Task details: Select and copy out every line in the records containing "Front".

(Stored entries)
★ ★ ★ ★ ★ ★ ★
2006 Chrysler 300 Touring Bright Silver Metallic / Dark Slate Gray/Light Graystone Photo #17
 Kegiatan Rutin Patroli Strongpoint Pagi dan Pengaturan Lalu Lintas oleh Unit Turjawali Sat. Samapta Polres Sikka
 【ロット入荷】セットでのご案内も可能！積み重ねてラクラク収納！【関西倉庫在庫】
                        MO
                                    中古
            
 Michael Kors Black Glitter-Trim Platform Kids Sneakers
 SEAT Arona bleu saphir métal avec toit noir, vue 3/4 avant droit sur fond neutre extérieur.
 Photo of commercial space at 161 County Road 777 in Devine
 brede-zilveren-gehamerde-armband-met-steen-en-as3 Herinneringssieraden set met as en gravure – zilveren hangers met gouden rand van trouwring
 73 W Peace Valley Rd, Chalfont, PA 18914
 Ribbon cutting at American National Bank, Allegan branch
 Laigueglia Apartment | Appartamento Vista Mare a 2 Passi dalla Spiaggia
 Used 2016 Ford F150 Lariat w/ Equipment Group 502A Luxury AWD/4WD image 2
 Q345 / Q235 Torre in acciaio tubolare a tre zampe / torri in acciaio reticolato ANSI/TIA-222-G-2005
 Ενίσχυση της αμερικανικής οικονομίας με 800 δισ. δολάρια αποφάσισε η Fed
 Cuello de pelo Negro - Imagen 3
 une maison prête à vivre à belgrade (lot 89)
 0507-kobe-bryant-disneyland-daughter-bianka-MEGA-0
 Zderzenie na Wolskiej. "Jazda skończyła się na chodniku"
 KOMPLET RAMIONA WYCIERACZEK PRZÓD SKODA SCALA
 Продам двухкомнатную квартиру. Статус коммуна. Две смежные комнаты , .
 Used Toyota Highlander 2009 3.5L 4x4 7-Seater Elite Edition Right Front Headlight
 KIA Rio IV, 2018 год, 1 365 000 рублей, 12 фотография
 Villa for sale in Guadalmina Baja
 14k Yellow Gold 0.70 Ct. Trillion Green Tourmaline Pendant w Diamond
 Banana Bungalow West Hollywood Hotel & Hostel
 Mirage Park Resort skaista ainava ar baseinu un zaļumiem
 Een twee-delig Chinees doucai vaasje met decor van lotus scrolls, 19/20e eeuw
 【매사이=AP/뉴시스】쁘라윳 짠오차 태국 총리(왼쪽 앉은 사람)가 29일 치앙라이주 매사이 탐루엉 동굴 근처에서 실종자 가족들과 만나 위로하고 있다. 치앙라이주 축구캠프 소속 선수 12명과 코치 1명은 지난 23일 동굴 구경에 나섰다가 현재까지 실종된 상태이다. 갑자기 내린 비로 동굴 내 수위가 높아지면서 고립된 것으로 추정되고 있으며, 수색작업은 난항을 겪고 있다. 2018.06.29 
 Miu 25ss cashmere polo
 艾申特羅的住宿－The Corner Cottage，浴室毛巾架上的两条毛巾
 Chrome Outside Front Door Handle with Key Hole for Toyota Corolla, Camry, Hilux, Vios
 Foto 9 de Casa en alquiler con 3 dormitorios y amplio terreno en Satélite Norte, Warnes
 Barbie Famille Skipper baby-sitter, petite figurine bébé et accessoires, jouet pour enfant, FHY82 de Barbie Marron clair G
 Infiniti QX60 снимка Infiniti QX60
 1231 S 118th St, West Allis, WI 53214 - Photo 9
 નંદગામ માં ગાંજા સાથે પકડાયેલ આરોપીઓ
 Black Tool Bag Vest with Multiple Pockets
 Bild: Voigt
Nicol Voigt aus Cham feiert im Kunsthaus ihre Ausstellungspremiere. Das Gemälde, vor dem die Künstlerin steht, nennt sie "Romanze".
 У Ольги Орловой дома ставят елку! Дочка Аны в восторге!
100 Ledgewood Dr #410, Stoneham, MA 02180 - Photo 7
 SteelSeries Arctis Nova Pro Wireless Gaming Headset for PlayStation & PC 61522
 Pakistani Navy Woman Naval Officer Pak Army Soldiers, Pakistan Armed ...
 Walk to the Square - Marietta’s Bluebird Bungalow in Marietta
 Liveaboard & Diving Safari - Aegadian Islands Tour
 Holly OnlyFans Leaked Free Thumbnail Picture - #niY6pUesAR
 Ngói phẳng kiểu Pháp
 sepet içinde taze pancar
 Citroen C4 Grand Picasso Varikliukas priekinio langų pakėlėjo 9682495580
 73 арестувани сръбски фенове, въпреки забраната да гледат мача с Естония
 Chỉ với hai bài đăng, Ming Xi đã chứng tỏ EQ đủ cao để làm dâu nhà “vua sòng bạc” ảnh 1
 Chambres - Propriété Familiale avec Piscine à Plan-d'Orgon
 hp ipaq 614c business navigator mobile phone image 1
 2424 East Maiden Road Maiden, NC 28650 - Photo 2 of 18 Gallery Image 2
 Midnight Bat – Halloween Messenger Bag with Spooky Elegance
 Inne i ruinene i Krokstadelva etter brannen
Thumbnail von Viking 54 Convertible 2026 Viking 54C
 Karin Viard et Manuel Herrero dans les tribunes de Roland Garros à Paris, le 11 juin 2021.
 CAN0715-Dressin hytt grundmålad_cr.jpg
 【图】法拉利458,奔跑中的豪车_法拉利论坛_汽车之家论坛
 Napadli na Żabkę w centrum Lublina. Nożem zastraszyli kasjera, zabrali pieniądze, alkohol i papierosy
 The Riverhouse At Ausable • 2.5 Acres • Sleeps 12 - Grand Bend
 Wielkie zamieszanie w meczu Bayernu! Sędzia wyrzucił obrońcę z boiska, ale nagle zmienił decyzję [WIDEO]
★ ★ ★ ★ ★ ★ ★
Solution for this task:
 Used Toyota Highlander 2009 3.5L 4x4 7-Seater Elite Edition Right Front Headlight
 Chrome Outside Front Door Handle with Key Hole for Toyota Corolla, Camry, Hilux, Vios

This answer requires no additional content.